Of course Malcolm Turnbull dismisses the report as ”…the most fanciful pieces of financial analysis you could imagine. It is a laughing stock right around the industry.”
The imperious hand at work again.
What about a ‘business plan’. Again Wikipedia
has a definition: ‘A business plan is a formal statement of a set of business goals, the reasons why they are believed attainable, and the plan for reaching those goals. It may also contain background information about the organization or team attempting to reach those goals.’
Is that as complicated as those who demand a business plan imply? Is the five hundred-page Implementation Plan prepared by McKinsey KPMG a ‘business plan/case’? It seems to fit the definition. In any case, NBN Co says it has a plan (which is commercial-in-confidence) and on Lateline
Stephen Conroy said: “…we spent $25 million on a McKinsey's report into the business case which went through all of this information. It provided a business case that said the NBN is financially viable and affordable for Australians.”

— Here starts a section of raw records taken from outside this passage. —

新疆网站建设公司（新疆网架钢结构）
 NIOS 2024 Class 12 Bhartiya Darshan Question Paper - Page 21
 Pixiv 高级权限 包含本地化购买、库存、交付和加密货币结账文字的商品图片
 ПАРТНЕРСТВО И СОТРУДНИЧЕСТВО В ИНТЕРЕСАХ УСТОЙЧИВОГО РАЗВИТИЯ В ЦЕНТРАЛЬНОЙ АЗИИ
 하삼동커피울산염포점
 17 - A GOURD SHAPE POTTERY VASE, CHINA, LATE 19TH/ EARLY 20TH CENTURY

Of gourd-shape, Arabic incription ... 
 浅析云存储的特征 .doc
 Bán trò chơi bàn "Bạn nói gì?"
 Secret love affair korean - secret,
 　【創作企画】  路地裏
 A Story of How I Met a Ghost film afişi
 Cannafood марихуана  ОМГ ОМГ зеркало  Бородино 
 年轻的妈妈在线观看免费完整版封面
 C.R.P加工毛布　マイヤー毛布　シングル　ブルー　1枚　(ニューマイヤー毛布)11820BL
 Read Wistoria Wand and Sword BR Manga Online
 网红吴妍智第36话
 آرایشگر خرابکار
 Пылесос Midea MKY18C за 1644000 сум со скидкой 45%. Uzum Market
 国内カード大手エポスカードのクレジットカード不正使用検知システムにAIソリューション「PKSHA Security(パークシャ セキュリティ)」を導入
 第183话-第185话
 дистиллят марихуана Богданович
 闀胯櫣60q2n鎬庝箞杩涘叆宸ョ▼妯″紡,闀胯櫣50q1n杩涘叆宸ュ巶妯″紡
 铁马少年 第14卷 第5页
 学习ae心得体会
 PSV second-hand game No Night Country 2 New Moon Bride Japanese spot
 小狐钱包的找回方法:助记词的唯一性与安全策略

So is there a business plan/case or not? Has a cost-benefit analysis been done? It depends on who you ask!
Let’s have a look at what our own NormanK had to say on this subject in a well-reasoned comment on a recent post:
“On the subject of the NBN, indulge me while I offer an analogy. First, let me make a semantic distinction between ‘cost’ and ‘outlay’. For the purposes of this post let us allow ‘cost’ to mean money put forward with no prospect of being directly recouped and ‘outlay’ to be an investment which might reasonably be seen to produce a monetary return.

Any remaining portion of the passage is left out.